Through the wall, I could hear Gareth moving around, the creaking of floorboards as he got out of bed. He was probably experiencing the same thing, trying to process whatever his own revelation had shown him.

I wondered what abilities he'd received, whether they were common or rare, whether they would be enough to give him the adventure and the food he dreamed about.

I should get up, I thought. I should check on him, make sure he was okay. That's what Everett would do, what a good friend would do. But I couldn't quite make myself move yet.

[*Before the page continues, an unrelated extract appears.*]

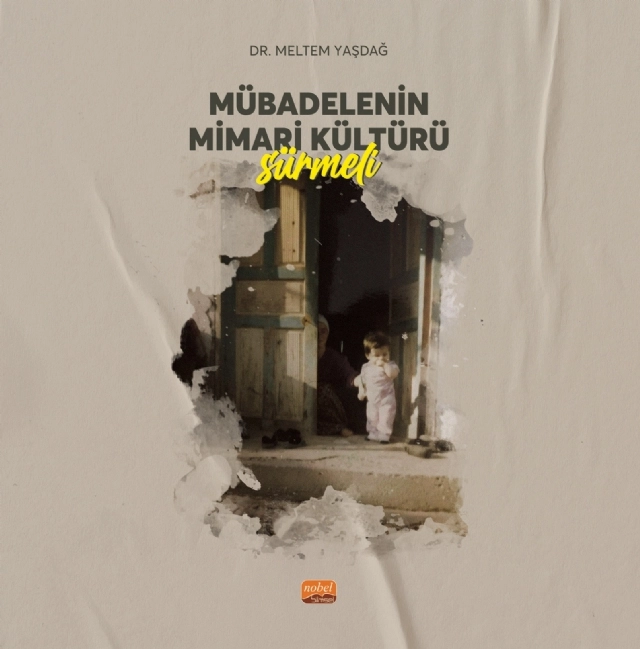 Mübadelenin Mimari Kültürü - SÜRMELİ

I was still processing, still trying to reconcile Chase Sullivan's memories and personality with Everett Skyfall's life and circumstances..

Eventually I would have to figure out who I was going to be in this world. Not Chase pretending to be Everett, and not Everett with Chase's memories riding along like a passenger. Something new, some synthesis of both that could function in this reality without going insane and from revealing himself as imposter to everyone.

But that was a problem for tomorrow. Right now, I just needed to breathe and accept that my life—both of my lives—had fundamentally changed in ways I was only beginning to understand.

I was an Honored Otherworlder, whatever the hell that meant, and I had a pleasant stay to look forward to according to an omniscient entity that spoke in glowing text. The absurdity of it all would have made me laugh if I wasn't so exhausted and overwhelmed.

Tomorrow I would talk to Alden, and i would try to get whatever information he'd promised about coming of age and abilities , past secrets about Everett and the wider world beyond Greenvale.

But tonight, I just closed my eyes and let the darkness take me again, hoping that sleep would be dreamless and expecting that morning would bring clarity instead of more confusion.